Since that time, the city has had several boom and bust cycles. It has a long and complex history of its Black culture since prior to the civil war and was a pivotal area for the determination of the continuation of slavery in the USA. Built along the banks of the Missouri and Mississippi Rivers, the city faces climate-related hazards of flooding, heat waves, drought, and issues related to its combined storm and sewer system, which is managed by a metropolitan agency (outside the scope of this analysis). The city’s industrial sector, a major source of jobs, has yet to recover, and like many others, the city faces complex economic challenges inseparable from national policy. Contaminated brownfields face an uncertain future as St. Louis seeks to redevelop itself while addressing persistent issues of structural racism and segregation.
Green Infrastructure in St. Louis
We scanned ten documents that potentially dealt with GI planning in the City of St. Louis. Of these, we excluded several that addressed GI but were not led by the City itself, including the collaboratively written OneSTL regional comprehensive plan and stormwater compliance planning led by the Metropolitan St. Louis Sewer District (MSD). Green Infrastructure in the City has a complex and multi-level governance arrangement outside the scope of this analysis. City plans we did examine included the City of St. Louis Sustainability Plan and the North Riverfront Commerce Corridor Land Use Plan. While the NRCCLUP did not define GI, the Sustainability Plan explicitly used a stormwater concept of GI. Both plans seek to support regional initiatives in implementing city-scale GI focused on stormwater management.
GI Plans in the City sought to manage stormwater using a range of facility types across all categories of ecosystem elements, hybrid facilities, and green materials and technologies. Despite a diversity of elements, including trees, bioretention, blue-green corridors, green roofs, and rain gardens, plans omitted discussion of trails, networks, agricultural areas, and floodplains.
Functionally, GI plans focused on a range of hydrological functions seeking to manage stormwater flows through a variety of means (e.g. infiltration, retention, flow attenuation) along with improving water quality and the performance of the stormwater system.
St. Louis’s Sustainability Plan focuses on equity and sought an inclusive process of plan creation, yet does not address all ten dimensions we evaluated. The North Riverfront Commerce Corridor Plan mentions equity but does not address equity issues other than a general focus on supporting future economic development. Many opportunities exist to improve the equity of St. Louis GI Planning, but these will likely require changes in metropolitan planning systems.

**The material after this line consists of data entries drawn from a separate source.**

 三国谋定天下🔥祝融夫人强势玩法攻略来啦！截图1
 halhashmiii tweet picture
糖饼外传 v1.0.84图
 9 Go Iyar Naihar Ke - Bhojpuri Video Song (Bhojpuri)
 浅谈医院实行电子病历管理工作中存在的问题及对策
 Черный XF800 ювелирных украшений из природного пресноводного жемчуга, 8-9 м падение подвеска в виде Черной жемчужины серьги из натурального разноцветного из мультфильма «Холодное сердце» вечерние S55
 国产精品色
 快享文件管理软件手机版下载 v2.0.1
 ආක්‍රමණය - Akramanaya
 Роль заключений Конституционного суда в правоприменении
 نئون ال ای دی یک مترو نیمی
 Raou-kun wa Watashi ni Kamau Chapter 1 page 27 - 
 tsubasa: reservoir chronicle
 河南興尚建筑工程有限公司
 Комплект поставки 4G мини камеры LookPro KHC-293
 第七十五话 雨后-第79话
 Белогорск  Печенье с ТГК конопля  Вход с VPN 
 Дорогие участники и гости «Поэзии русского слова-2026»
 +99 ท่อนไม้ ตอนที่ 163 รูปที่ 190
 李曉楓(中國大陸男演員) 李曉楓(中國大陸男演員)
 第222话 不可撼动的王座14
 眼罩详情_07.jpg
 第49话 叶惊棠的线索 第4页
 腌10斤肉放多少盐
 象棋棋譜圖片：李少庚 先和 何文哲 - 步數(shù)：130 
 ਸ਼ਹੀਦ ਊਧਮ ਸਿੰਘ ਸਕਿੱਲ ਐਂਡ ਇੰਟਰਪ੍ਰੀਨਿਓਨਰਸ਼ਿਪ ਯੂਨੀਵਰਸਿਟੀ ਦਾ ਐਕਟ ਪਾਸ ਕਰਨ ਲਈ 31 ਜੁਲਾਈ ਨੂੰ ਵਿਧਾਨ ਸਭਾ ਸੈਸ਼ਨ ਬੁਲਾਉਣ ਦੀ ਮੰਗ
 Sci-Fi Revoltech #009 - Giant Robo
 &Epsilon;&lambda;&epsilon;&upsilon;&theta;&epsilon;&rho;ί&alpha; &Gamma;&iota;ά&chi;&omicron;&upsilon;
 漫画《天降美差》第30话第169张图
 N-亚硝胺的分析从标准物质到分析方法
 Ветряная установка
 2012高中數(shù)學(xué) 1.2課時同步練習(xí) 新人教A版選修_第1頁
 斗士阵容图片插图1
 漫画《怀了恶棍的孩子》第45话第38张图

Explicitly refer to equity, 100% have equity implications
attempt to integrate landscape and stormwater concepts
seek to address climate and other hazards
apply a lens of universal good to GI
explicitly refer to justice
claim engagement with affected communities in planning
recognize that some people are more vulnerable than others
mention Native peoples or relationships with land
St. Louis through Maps
An older city within a large metropolitan area, St. Louis has a dense urban core and riverfront area, surrounded by a lower density grid with several large open spaces and evenly distributed smaller municipal parks. The city is extremely segregated with regards to race and income, patterns reflected in vacancy rates of housing units, and rent burden. While the Northern riverfront is intensely developed, it has a very low population density compared to the southern portions of the city.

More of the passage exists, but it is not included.